MTN CEO Rob Shuter said entry-level and out-of-bundle data prices are high and need to be addressed.
This was in response to a question from Bruce Whitfield as to why mobile data in South Africa is so “infernally expensive”.
Shuter said data pricing is a complex science, and is not the same across all global markets.
He said while MTN’s bundled data prices compare favourably against global standards, entry-level and out-of-bundle prices are high.
Shuter said there are two problems with how data is priced:
- Entry-level pricing for data for someone who did not buy a data bundle on the MTN network is high.
- When a person goes out-of-bundle after depleting a data bundle, they are put on a high tariff.
He said there is a legitimate public concern regarding high entry-level and out-of-bundle data prices.
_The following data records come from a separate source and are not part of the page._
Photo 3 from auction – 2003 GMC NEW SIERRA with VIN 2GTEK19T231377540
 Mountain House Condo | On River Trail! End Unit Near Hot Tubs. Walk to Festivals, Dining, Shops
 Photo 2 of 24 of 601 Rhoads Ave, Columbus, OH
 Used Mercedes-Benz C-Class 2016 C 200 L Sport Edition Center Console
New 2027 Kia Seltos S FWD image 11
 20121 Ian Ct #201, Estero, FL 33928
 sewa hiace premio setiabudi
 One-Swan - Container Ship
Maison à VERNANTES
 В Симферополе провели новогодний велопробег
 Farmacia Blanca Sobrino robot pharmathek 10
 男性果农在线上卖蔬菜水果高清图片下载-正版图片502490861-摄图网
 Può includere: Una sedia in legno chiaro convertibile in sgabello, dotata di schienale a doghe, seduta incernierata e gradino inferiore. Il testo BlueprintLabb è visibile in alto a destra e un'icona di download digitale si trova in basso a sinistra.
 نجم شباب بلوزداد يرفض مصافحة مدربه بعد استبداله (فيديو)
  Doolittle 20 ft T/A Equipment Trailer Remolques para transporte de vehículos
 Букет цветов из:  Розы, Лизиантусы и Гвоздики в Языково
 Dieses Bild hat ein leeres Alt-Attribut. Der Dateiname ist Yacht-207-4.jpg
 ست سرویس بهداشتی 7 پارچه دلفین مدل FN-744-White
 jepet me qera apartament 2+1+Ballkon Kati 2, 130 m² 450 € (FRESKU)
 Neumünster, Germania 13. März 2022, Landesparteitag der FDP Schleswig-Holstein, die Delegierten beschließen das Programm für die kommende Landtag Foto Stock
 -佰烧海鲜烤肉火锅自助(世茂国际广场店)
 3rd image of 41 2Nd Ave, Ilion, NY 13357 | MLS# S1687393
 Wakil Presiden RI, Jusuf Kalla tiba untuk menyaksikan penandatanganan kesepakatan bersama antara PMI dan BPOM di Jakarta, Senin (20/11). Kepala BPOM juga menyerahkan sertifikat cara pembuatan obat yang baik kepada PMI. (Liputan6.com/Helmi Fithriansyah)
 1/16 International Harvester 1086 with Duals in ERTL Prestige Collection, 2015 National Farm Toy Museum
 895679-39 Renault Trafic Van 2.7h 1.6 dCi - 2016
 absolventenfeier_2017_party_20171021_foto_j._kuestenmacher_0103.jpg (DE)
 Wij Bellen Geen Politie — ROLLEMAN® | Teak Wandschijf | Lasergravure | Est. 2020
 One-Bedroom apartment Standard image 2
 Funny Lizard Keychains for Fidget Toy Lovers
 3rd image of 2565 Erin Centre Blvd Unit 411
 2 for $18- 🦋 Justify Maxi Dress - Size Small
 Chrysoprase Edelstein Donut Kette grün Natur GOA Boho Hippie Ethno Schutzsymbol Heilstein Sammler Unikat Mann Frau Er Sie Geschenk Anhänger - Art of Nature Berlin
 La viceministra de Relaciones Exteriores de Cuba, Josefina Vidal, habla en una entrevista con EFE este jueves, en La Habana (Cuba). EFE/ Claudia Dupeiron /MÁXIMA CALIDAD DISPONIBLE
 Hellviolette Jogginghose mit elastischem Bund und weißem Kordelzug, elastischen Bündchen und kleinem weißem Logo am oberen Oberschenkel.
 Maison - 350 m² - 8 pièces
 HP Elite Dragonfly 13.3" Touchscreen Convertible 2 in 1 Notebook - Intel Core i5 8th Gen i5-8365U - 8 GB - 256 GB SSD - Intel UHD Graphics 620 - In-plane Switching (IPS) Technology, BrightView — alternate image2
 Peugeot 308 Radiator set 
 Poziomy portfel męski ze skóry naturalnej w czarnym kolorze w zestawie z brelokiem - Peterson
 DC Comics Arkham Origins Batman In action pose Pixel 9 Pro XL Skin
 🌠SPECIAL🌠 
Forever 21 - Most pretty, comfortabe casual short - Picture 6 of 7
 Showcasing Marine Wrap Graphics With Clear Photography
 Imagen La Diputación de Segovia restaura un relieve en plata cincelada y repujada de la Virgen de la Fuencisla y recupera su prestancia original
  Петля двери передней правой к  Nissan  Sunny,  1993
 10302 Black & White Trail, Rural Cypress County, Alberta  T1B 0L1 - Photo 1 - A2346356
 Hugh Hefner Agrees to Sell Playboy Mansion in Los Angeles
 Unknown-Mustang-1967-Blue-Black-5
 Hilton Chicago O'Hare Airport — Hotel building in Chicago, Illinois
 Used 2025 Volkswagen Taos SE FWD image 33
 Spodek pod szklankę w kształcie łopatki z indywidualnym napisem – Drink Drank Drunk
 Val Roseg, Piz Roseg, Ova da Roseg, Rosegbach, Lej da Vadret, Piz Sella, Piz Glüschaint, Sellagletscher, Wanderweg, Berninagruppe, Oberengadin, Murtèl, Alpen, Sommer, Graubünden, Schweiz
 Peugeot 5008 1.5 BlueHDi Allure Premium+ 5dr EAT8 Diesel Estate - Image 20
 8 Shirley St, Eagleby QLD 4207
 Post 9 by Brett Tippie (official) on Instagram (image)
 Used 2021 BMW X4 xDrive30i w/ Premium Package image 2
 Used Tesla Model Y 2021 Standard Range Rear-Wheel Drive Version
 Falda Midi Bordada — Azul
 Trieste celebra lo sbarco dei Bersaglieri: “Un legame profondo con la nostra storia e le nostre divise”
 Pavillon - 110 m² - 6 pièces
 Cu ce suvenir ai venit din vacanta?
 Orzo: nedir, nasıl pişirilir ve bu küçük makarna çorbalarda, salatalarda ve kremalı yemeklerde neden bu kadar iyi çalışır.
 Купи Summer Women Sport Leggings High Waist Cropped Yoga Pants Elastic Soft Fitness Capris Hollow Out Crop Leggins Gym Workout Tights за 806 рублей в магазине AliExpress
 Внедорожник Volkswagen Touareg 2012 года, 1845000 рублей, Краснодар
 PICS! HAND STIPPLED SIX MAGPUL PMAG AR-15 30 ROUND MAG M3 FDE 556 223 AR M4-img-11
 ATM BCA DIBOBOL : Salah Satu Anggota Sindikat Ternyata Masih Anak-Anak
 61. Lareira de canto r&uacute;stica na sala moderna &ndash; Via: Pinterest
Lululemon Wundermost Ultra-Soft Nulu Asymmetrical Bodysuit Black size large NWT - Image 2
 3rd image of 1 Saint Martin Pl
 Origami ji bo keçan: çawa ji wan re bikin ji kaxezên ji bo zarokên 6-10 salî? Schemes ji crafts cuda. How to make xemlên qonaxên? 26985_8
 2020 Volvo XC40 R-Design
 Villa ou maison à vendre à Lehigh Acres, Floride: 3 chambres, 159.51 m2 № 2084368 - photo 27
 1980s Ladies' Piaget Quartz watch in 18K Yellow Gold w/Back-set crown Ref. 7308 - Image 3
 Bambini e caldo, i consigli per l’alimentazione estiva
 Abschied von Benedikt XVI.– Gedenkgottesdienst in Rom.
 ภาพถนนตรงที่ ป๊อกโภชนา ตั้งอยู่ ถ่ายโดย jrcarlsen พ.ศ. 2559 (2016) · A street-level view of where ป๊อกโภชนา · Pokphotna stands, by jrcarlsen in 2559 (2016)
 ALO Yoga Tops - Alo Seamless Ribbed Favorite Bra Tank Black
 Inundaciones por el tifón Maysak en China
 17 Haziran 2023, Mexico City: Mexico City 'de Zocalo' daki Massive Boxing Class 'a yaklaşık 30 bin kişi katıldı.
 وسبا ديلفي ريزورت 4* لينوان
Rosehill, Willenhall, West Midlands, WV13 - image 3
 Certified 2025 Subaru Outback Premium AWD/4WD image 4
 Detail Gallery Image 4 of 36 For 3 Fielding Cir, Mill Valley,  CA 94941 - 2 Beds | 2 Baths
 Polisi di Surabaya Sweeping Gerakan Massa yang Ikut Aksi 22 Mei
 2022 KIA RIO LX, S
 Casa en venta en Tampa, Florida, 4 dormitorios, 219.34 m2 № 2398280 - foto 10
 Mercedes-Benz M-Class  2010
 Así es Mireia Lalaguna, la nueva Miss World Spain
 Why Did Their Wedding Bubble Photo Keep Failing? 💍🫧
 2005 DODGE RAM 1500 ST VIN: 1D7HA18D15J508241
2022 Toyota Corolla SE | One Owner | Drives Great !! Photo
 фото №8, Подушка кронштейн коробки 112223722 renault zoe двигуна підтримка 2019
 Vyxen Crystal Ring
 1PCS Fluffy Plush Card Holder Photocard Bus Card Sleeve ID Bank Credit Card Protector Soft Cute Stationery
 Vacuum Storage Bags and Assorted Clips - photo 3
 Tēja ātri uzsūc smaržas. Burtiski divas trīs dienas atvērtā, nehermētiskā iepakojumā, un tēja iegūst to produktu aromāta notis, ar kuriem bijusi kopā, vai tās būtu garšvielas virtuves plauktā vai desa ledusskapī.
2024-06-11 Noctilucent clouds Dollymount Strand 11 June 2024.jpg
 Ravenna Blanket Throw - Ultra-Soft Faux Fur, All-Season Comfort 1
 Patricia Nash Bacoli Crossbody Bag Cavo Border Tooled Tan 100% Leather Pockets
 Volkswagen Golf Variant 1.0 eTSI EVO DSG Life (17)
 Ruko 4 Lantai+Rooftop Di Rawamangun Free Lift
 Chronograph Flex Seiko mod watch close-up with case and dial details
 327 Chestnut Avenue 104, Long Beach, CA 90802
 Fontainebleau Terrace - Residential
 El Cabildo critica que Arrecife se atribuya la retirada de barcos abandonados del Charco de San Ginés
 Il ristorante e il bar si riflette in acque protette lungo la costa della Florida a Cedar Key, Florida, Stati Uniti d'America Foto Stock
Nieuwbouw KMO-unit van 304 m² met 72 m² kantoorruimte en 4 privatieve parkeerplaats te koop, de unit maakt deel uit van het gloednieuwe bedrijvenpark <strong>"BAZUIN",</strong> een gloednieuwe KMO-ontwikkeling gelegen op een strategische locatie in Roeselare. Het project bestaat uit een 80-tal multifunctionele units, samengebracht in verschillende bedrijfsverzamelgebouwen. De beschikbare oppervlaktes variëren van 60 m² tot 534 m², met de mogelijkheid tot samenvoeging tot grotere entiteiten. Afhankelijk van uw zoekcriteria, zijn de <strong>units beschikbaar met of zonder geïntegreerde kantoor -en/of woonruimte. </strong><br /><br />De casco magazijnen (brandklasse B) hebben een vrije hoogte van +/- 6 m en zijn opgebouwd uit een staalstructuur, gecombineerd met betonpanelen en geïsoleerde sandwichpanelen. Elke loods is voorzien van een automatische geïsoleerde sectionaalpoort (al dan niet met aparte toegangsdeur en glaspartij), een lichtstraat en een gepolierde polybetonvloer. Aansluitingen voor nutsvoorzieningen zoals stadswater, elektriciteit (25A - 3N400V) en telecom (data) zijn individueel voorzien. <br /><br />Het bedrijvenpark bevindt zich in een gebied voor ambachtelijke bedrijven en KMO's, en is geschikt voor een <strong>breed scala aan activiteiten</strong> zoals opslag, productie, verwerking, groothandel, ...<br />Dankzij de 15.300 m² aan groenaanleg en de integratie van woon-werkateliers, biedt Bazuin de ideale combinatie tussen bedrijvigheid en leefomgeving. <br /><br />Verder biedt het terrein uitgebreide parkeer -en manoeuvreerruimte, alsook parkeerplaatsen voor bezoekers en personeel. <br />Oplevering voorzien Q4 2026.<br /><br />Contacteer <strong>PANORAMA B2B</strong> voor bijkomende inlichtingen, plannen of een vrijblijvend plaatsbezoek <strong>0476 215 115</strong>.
These prices are not commercially sensible for the industry, as their aim is for customers to use data, to increase data services, and to build the online industry.
Commenting on the issue of expiring data, Shuter said it is the way the industry has evolved over the years.
It started with voice-minutes which were bundled, and has moved to mobile data bundles – which were sold in the same fashion.
In-bundle rates for voice minutes or megabytes of data are cheaper than standard rates, because you “buy in bulk”.
However, the lower bulk-pricing carries the disadvantage of expiring if you do not use it within a cerain time frame.
“This is how the industry has evolved – you can either pay per MB or minute, or you can buy a bundle, and what is not used often does not roll over,” said Shuter.
“Some people find it a practice which is not appealing, but it has also emerged over time because there was a demand for these bundled products.”
Shuter said MTN has 230 million subscribers globally, of which around 70 million are data subscribers.
The challenge for MTN is to get the rest of its subscribers onto data services, which will require a different commercial approach.
“These new data customers are going to be in rural areas, and they are going to buy smaller amounts of data,” said Shuter.
He said the data pricing methodology across MTN needs work and attention, which is why the company has embraced a “dual data strategy”.
The strategy involves rolling out high-speed data networks and services to high-end consumers in urban areas first, and then bringing these services to rural areas.
“We really need a good strategy – coverage, commercial models, and handsets – to bring the next 100 million customers into the data world.”